WHAT NEEDS TO BE DONE: Without including any pictures, copy every line below exactly.

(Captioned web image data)
┄┄┄┄┄┄

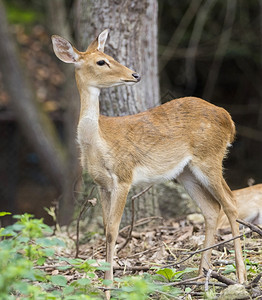 年轻Sambar鹿在自然背景上的图像图片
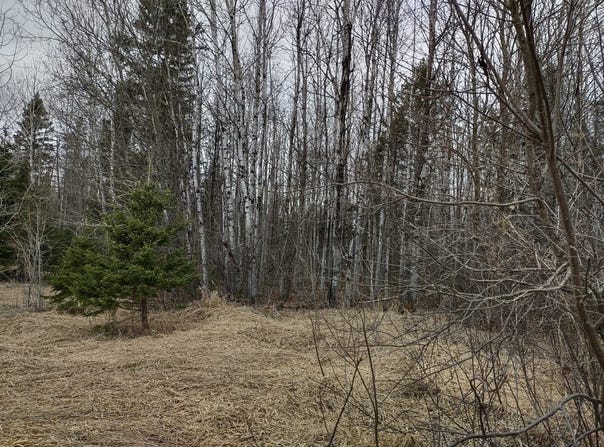 TBD Off Ohman Road, L'Anse, MI 49946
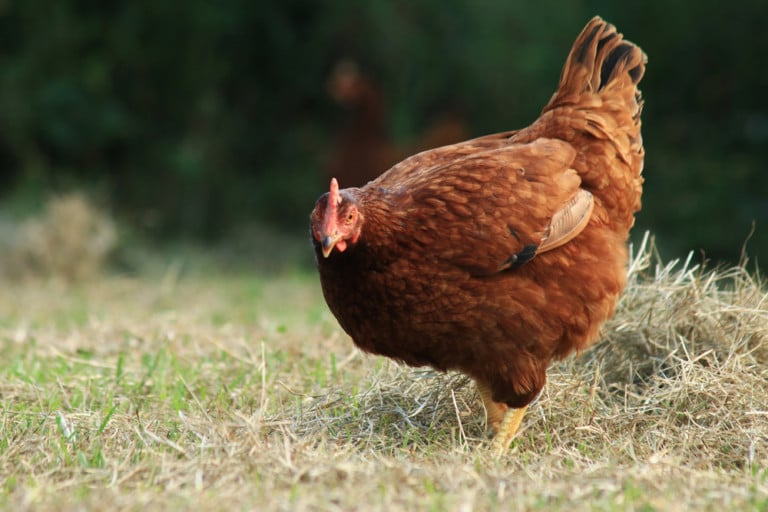10 Most Productive Egg Laying Chickens 300+ Eggs Per Year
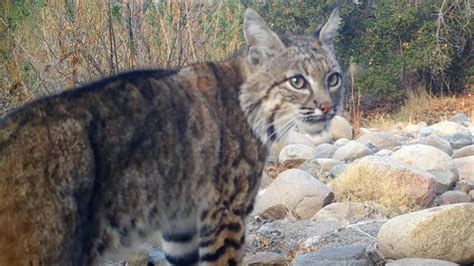 VIDEO: Bobcats Screaming at Each Other in the Middle …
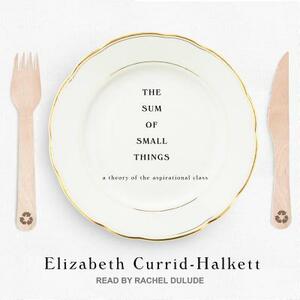 The Sum of Small Things: A Theory of the Aspirational Class by Elizabeth Currid-Halkett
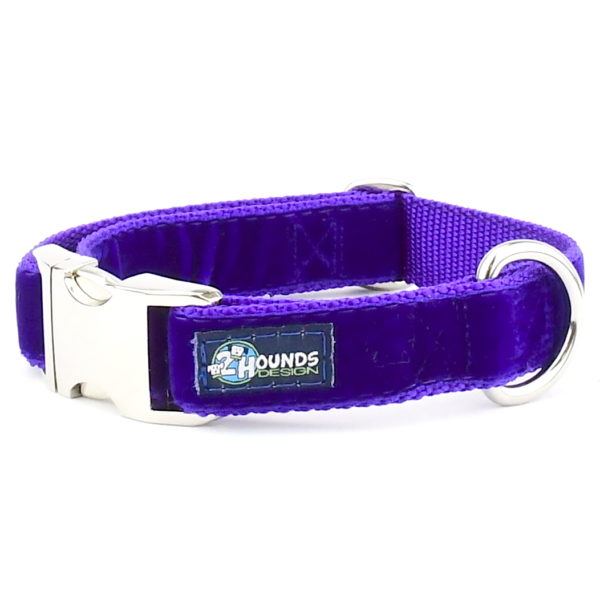 Purple Velvet Essential Martingale Dog Collar, photo 1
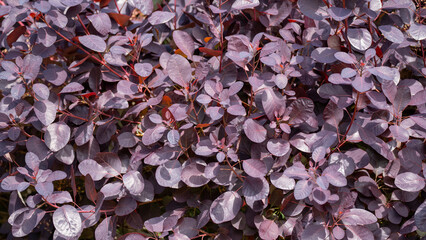 Purple Leaf Texture Background Ornamental Garden Shrub Unique Decorative Plant Colorful Nature Summer Foliage Vibrant Beauty Botanical Detail Outdoor Pattern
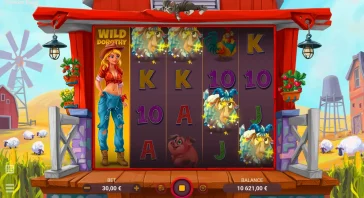 CRAZY FARM FEATURE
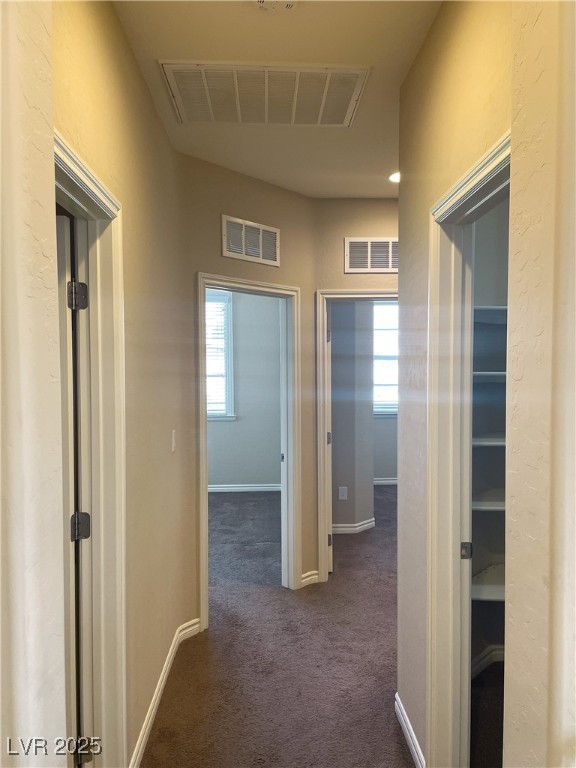 12243 Pacific Cruise Avenue Property Photo 25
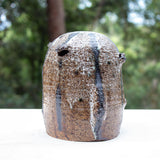 SAMPLE - SENTINEL POD #2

┄┄┄┄┄┄

ANSWER SECTION:
 年轻Sambar鹿在自然背景上的图像图片
 TBD Off Ohman Road, L'Anse, MI 49946
10 Most Productive Egg Laying Chickens 300+ Eggs Per Year
 VIDEO: Bobcats Screaming at Each Other in the Middle …
 The Sum of Small Things: A Theory of the Aspirational Class by Elizabeth Currid-Halkett
 Purple Velvet Essential Martingale Dog Collar, photo 1
 Purple Leaf Texture Background Ornamental Garden Shrub Unique Decorative Plant Colorful Nature Summer Foliage Vibrant Beauty Botanical Detail Outdoor Pattern
 CRAZY FARM FEATURE
 12243 Pacific Cruise Avenue Property Photo 25
 SAMPLE - SENTINEL POD #2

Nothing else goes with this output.